/---

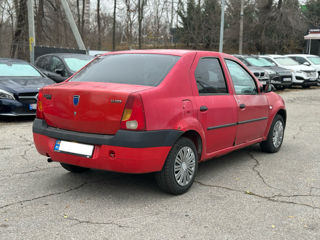 Dacia Logan foto 4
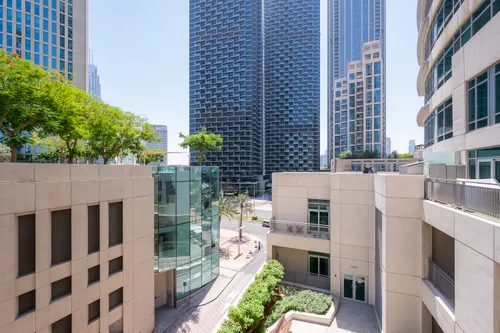 2 Bedrooms Apartment in The Lofts Podium 2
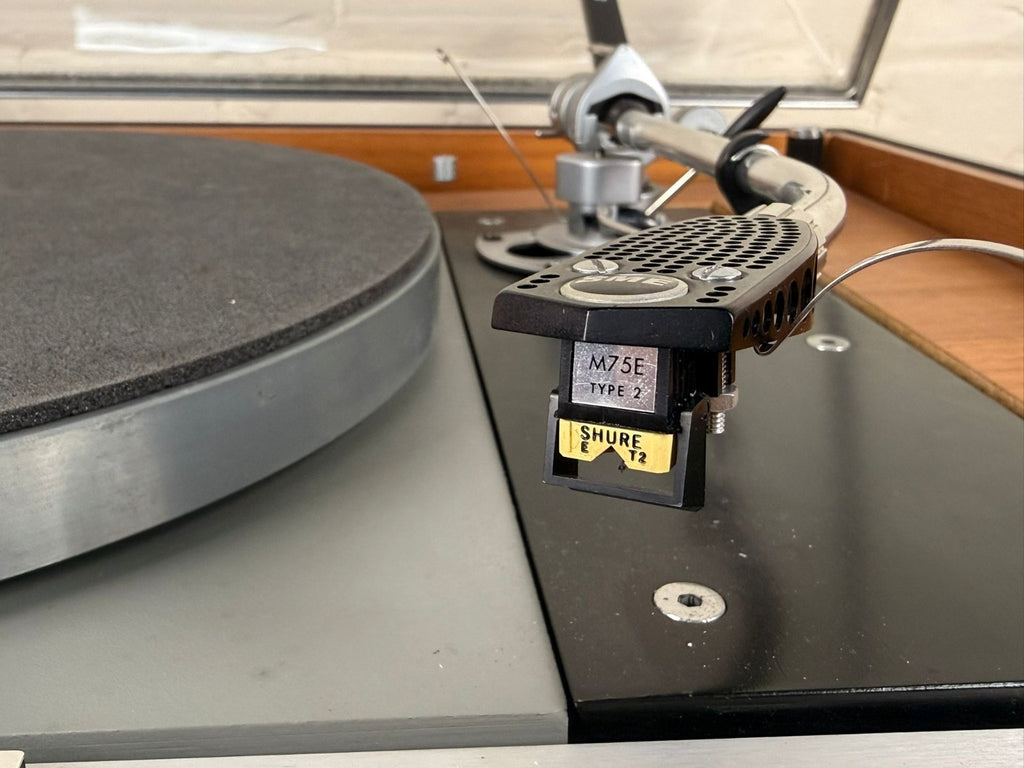 THORENS TD 125 TURNTABLE WITH SME 3009 TONEARM & SHURE M75E CARTRIDGE
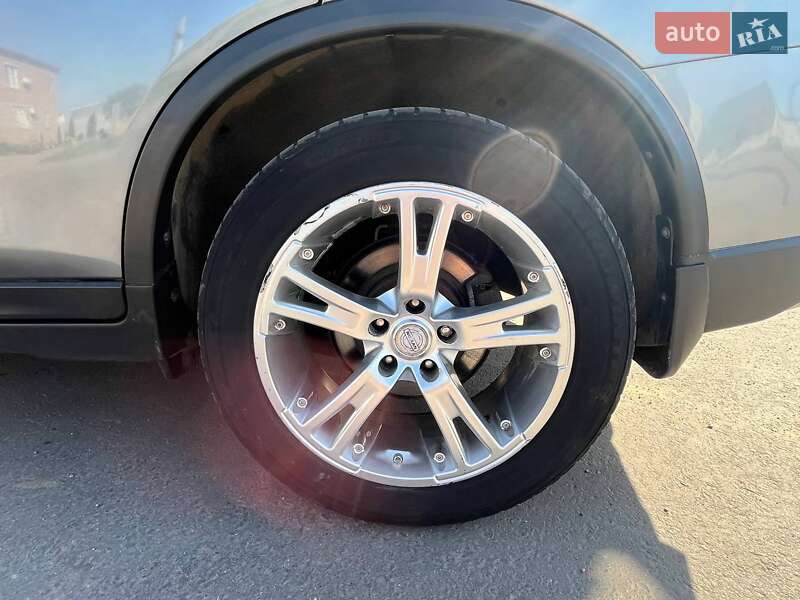 Внедорожник / Кроссовер Nissan Rogue 2016 в Полтаве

\---

[Work required] Your copy should hold only the lines running from the one that contains "2 Bedrooms Apartment in The Lofts Podium 2" through the final line of the data; transcribe them exactly, both ends included, and leave pictures out.

[Final answer]
 2 Bedrooms Apartment in The Lofts Podium 2
 THORENS TD 125 TURNTABLE WITH SME 3009 TONEARM & SHURE M75E CARTRIDGE
 Внедорожник / Кроссовер Nissan Rogue 2016 в Полтаве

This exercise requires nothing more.